LGBT people can be, and must be, healers even though we are wounded ourselves. When we act in order to achieve happiness and avoid or relieve suffering, we necessarily act out of some level of concern for the wellbeing of self and others. This kind of action is fundamentally loving, but is based upon compassion first. We can be compassionate with ourselves by applying the gentle corrective of observation to our behavior, which helps us love instead of attack, and by recognizing the calls for love hidden in our own negative history and forgiving ourselves.

On the other hand, compassion literally means “suffer-together,” so to only offer compassion to oneself misses the point. The experience of empathy for and identification with another person who, just like us, wants to be happy and free from suffering, motivates us to act out of a will to nurture, protect and relieve instead of a will to attack, dominate or punish.

At the same time, we are not required to suffer in the act of giving love. Compassion does not demand that we take others’ pain onto ourselves. Frequently inspired on some level by a mythology of sainthood — for example, a traditional reading of the biblical story of Jesus, crucifixion that emphasizes Jesus taking all the sins and suffering of the world upon himself — self-martyrdom is common but is in fact a kind of violence against the self. Such sacrifice is unnecessary. We must always remember to treat ourselves with love, as well!

The obvious enemy of compassion is cruelty, but compassion also has a subtle enemy: pity. The distinction between pity and compassion is important because “if someone pours her heart out to us and we pity her, then two people are suffering instead of one,” as Ayya Khema writes in Visible Here and Now. If we want to reduce the amount of suffering in the world, adding to our own suffering can hardly help!

Genuine compassion is not motivated by pity, but by empathy and identification with others, desires to achieve happiness and avoid suffering. Genuine compassion is independent of emotional attachment based on projection and expectation. We do not act with expectation of a particular result. We do not feel genuine compassion for someone because we project our desires, opinions or impulses onto them. Indeed, such projection is one root of the ills striking the LGBT community — our adversaries are too busy attacking their idea of us to interact with us as we really are.

When we act because we recognize that, like us, someone else deeply wants to achieve happiness and avoid suffering, when we answer another’s call for love, when we act with a will to nurture, we act with genuine compassion. Such compassion arises from love, and such love from genuine compassion.

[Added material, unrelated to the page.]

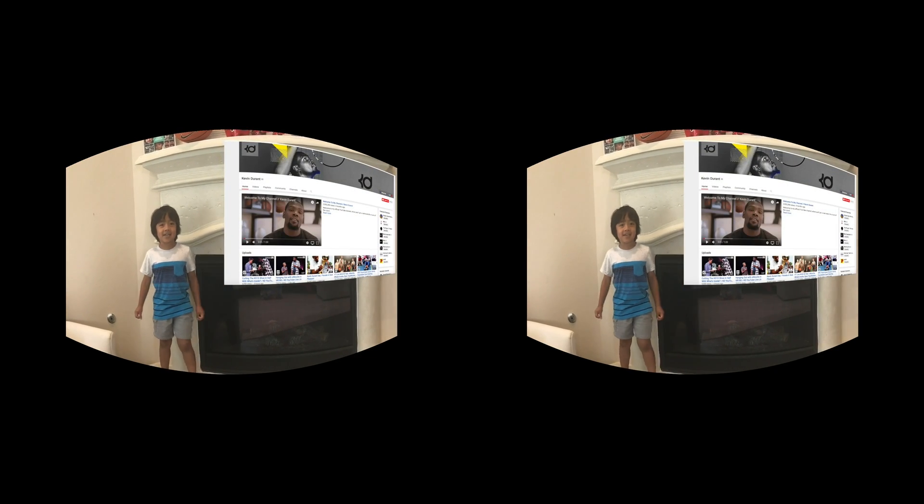Now we're home. This is where we put the signed basketball of Kevin Durant and the shoe. Now check out Kevin Durant's YouTube channel — it's in the description below. And I'm in his videos. Bye!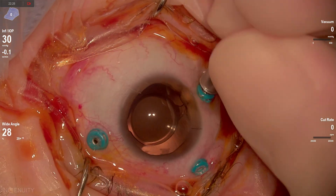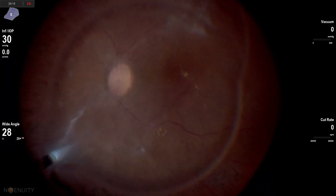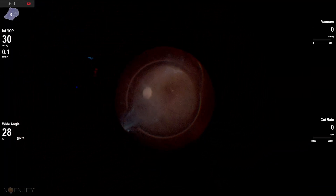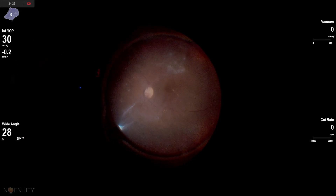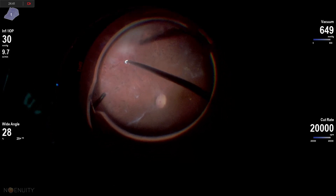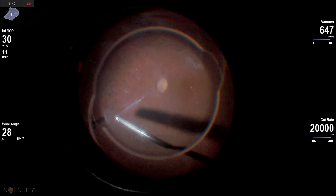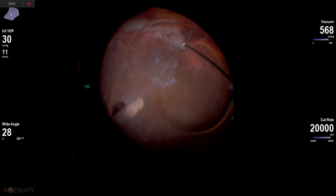Sometimes it's better to show a little bit of a longer case, and this is a tough diabetic patient who has a lot of mid-peripheral traction. I think it's good to just go through how these cases can be difficult, even for someone who's been in the retina space doing surgery for quite a while and enjoys tackling tough situations. This patient really tested that.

Love and compassion are not ephemeral concepts, but active and powerful levers that will enable meaningful social change. The old claim that “if you give me a big enough lever I can move the world,” is a clumsy truism. It is truer for us to say that if enough people use enough small levers, the planet will shift. Love and compassion are small levers with enormous impacts. Not only our tools for the positive transformation of self and society, love and compassion are exemplars of a global paradigm shift toward integration and communion, a shift we LGBT people can lead if each of us puts on the Shirt of Flame.